The fly bait acts mainly as an oral insecticide for flies, i.e. it does not control bloodsucking flies or other insects.

Pharmacokinetics of dinotefuran

After topical administration to dogs and cats dinotefuran remains mostly on the animal's surface and is not absorbed. However a certain amount can be ingested through licking and grooming. In laboratory animals ingested dinotefuran was almost completely absorbed (>90%) quickly distributed throughout the whole body and also rapidly eliminated, mostly through urine in the form of unchanged dinotefuran.

Mechanism of action of dinotefuran

As all neonicotinoids dinotefuran is an agonists of the nicotinic acetylcholine receptors. It takes the place of the normal neurotransmitter acetylcholine in the receptors, which cannot be deactivated by acetylcholinesterase and remains irreversibly blocked.

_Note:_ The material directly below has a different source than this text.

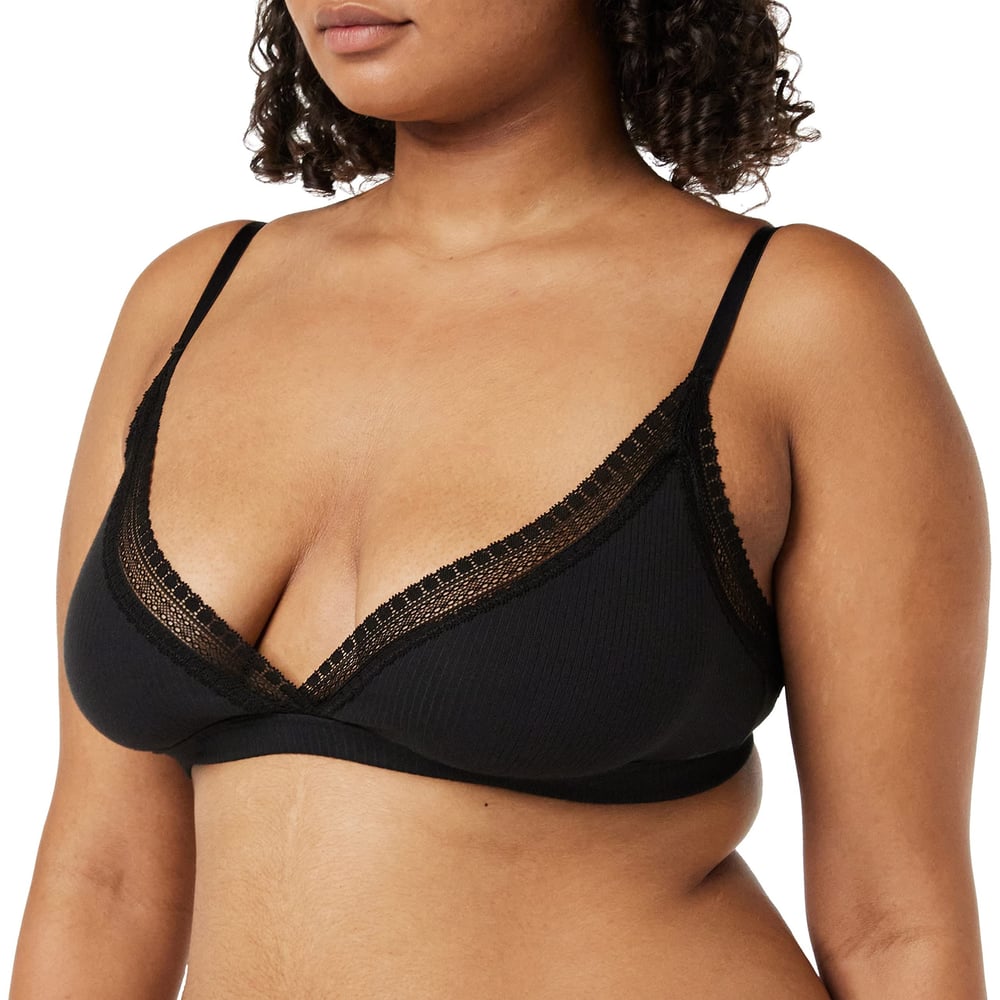 Sloggi Go Ribbed Bralette Black 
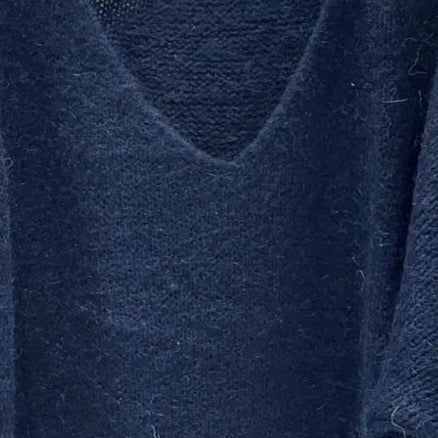 Mohair Blend V-Neck Sweater - Navy | Putti Fine Fashions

This leads to an over stimulation of the nerve cells, to paralysis and to death of the affected insect.

These receptors are found in the central and peripheral nervous system of mammals, but only in the central nervous systems of insects. Neonicotinoids bind much more strongly to insect receptors than to mammal receptors, which makes them relatively safe for domestic animals and humans.